I think the most important thing a parent can do for a child or young adult, especially one that shows they have some smarts or talent, is to keep them motivated to keep developing their smarts or talent and don't make it more difficult for them to continue developing by forcing a heap of responsibilities on them and distracting them off course. I'm not saying that my parents did that to me, but they did force me to pay for my own college, which I had to work full time to try to do and took away from my study time. They also went from being strict about me getting my homework and studying done during my elementary school years, to being more lenient during my high school years to not even caring once I reached college. I do understand that students need to motivate themselves to be successful, but you also need that little push to keep you going through some growing pains in your life.
As a child, I was driven and motivated to get the best grades in my class, and I usually was near the top, if I may be so boastful. My parents told me that if I kept studying hard and getting good grades, I might be able to get into a very good high school and I'd get a reward for those good grades. Usually it was a toy or game that I wanted. Once I got into Stuyvesant HS, they loosened the reigns a bit, but I was still focused on doing well there. I didn't quite have good enough grades to go to an elite or Ivy League college, but I felt as if I held my own with some of the best and brightest in NYC. But, once I hit St. John's, I had to work, I was also distracted by chasing after young ladies who weren't interested in me at all, I starting drinking, more than most of my friends realize and I had no drive whatsoever to do well in college. I ended up leaving St. John's after a year, I flirted with going to Hunter College, but I withdrew after about a week. I didn't know what I wanted to do anymore and I didn't feel that I had anyone to help me. Since then, I've bounced around from job to job for 23 years. I don't want anyone to feel bad for me. I caused it myself. Though things seem to be on the right track for me now, I will always regret the time I've wasted.

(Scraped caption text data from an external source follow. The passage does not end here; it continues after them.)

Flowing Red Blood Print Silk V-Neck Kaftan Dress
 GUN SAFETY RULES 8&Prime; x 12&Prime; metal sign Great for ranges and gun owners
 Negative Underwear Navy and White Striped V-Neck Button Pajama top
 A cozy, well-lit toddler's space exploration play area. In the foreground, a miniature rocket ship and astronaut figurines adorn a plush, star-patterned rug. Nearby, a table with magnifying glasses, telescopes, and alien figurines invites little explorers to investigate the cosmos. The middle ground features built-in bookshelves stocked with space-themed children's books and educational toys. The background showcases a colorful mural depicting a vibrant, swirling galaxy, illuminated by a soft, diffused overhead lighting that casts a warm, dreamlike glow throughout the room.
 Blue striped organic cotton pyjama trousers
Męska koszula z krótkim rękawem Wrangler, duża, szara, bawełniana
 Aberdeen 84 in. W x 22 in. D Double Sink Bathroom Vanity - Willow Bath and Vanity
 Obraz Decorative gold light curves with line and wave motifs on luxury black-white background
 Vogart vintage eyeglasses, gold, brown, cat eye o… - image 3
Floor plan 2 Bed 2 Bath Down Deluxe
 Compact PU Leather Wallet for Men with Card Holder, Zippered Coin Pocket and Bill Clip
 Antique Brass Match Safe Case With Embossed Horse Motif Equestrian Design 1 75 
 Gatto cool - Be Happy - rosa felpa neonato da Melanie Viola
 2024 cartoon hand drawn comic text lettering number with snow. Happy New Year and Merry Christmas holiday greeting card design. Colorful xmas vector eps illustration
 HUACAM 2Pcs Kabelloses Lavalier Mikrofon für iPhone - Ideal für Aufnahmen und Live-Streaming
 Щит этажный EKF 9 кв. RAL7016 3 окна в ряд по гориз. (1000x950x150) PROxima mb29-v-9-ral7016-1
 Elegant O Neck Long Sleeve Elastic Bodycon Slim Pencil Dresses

The moral of the story for my friends, especially the younger ones, is keep yourself motivated and get that degree. Studying might be a pain in the neck, but it easier when you're younger than at my age. You don't want to have to work two or more jobs to survive. It's prevented me from settling down and having a family. I still can't afford to take care of anyone else besides myself. If you learn anything from me, learn how not to be me.